L'arciprete don Cataldo Perrelli, lo stesso giorno dell'esecuzione della condanna, lasciò un breve resoconto dei fatti Per futura memoria dei posteri. Secondo il testimone dell'epoca, Francesco Di Mare era giunto a Brienza insieme con altri tre briganti, frazione della banda brigantesca del facinoroso Crocco. Due erano soldati dello sciolto esercito borbonico di San Fele; il terzo era uno di Francavilla che si diceva essere preso dagli stessi.
Quattro giorni prima, i quattro sbandati si erano resi autori dell'omicidio di don Giovanni Parrella, galantuomo di Salvia. Si erano quindi trattenuti in una casina in tenimento di Sant'Angelo le Fratte di proprietà della famiglia Giachetti. Erano quindi giunti, verso la mezzanotte, nella masseria di Luigi Paternoster all'Ischia. Mentre si scorticavano una capra, era giunto nei pressi della stessa un drappello della Guardia Nazionale, rinforzato da tre Carabinieri Reali, che aprirono il fuoco. Il conflitto armato durò circa tre ore. Alla fine, rimasero uccisi i tre compagni di Di Mare. Unico sopravvissuto, Francesco fu fatto prigioniero. Il giorno dopo, il Tribunale pronunciò la sua condanna a morte. I corpi dei quattro brigati furono esposti per due giorni sul piano del Convento al pubblico esempio, dopo di che i tre impenitenti furono sepolti nel letto del fiume a San Giacomo e propriamente sotto il piede delle .... di S. Antonio. Francesco, che aveva accettato di confessarsi, fu invece sepolto nel Camposanto.
L'appunto dell'Arciprete Perrelli è riportato qui di seguito.
Si nota che ieri sera giungevano in questo tenimento quattro briganti, frazione della banda brigantesca del facinoroso Crocco nella boscaglia di Monticchio. Verso le ore 20:00 passavano per le casine di Colangelo Pasquale a Serra…. per quella di don Raffaele Paternoster quivi e dall’Ischia verso le ore 22 e 23:30 e poi verso le ore 24 si riponevano nella masseria di Luigi Paternoster all’Ischia. Essi erano dei soldati dello sciolto esercito borbonico di San Fele, uno di Francavilla che si diceva preso da’ quattro stessi e che andava vendendo puntine a pizzilli e l'altro a nome Francesco Saverio Di Mare, Tobollone di qui.

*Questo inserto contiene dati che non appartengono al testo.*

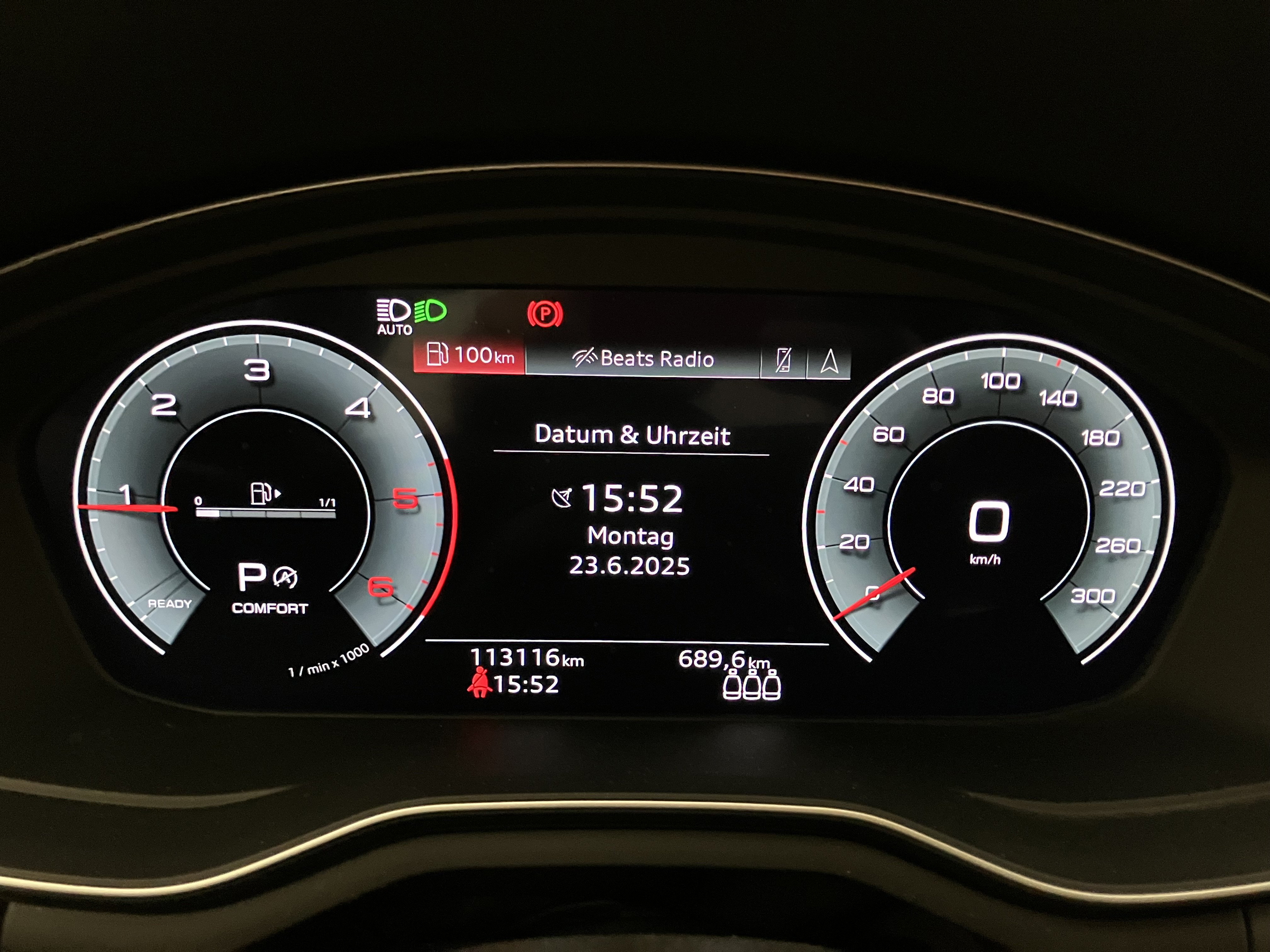 Audi A4 Avant 40 2.0 TDI quattro S-Line | Bild 15 von 30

Brienza 23 dicembre 1862 Sac. A. Perrelli
E' giunto fino a noi anche il verbale dell'interrogatorio che Francesco Di Mare rese dinanzi ai giudici che lo giudicarono.
Francesco affermò che due mesi prima si era recato a Ruvo del Monte per lavorare. I briganti della banda di Crocco lo avevano catturato nel bosco di Lagopesole e per fuggire la morte aveva accettato di unirsi a loro. Venti giorni prima della cattura a Brienza, approfittando di una sconfitta avuta dalla truppa e dalla Guardia Nazionale, Francesco si era quindi allontanato dal resto della banda. Con lui era fuggito un compagno di Francavilla, di nome Salvatore e di cognome a Francesco sconosciuto. Prima di giungere nelle campagne di Sant'Angelo le Fratte, ai due si erano uniti Donato Chinicavo e Donato Fascillo, soldati sbandati del passato governo, di San Fele, che erano a cavallo presso Crocco, andavano per le campagne e per fine di cambiare il governo e per rubare.

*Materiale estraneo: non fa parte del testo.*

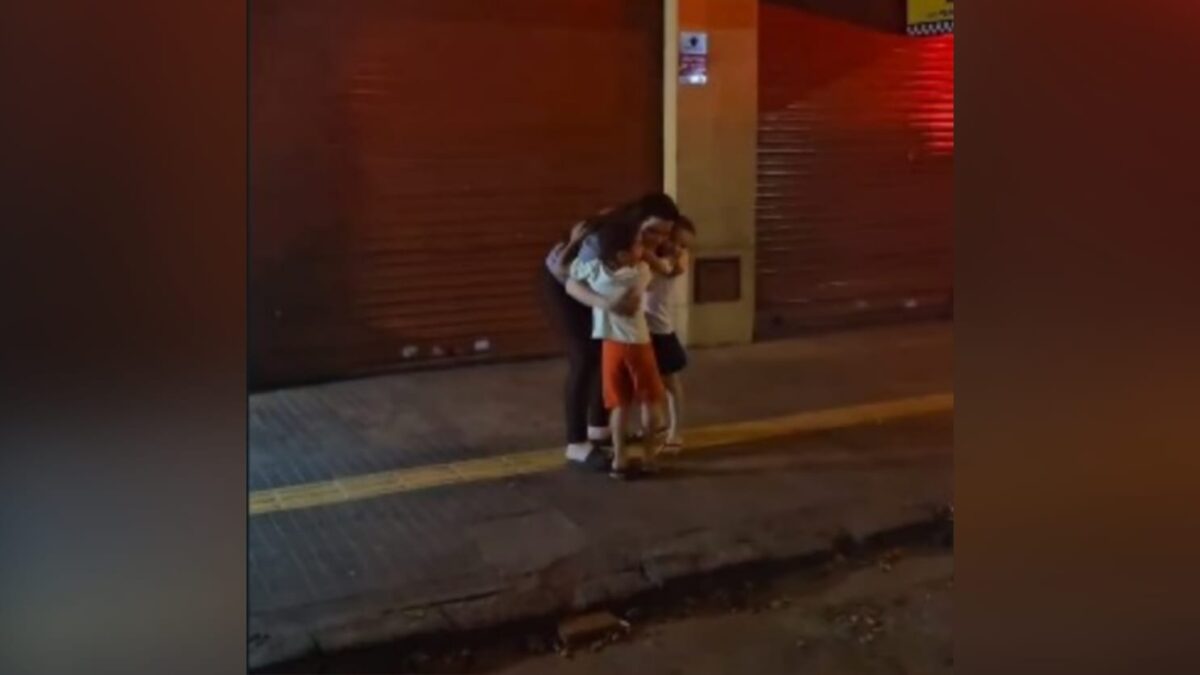 Imagem do reencontro da mãe com os filhos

Francesco affermò che da Sant'Angelo si era diretto a Brienza con l'idea di prestarmi alla giustizia. Erano passati per la masseria di don Raffaele Paternoster alla Torre ed erano quindi giunti in quella di Luigi Paternoster all'Isca. Improvvisamente qualcuno aveva bussato alla porta. Appena aperta, si è cominciato il fuoco dalla parte di fuori a cui abbiamo corrisposto. Immediatamente cadde sotto i colpi Salvatore di Francavilla, poi anche gli altri due compagni rimasero uccisi.

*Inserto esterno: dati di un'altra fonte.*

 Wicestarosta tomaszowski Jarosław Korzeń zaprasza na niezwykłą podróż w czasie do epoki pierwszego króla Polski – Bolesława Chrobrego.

Francesco tentò di giustificarsi affermando di aver esploso solo due colpi, dirigendoli peraltro contro Donato Fascillo. Confessò che mentre stavamo sotto il comando di Crocco eravamo mantenuti da essa comitiva. Disse pure di aver ricevuto, il giorno prima, dal prete Luigi Colangelo pane e formaggio nella sua masseria di Pezza Farina.
Francesco, domandatogli di sottoscrivere ha detto non saperne .
Il verbale dell'interrogatorio di Di Mare è riportato qui di seguito.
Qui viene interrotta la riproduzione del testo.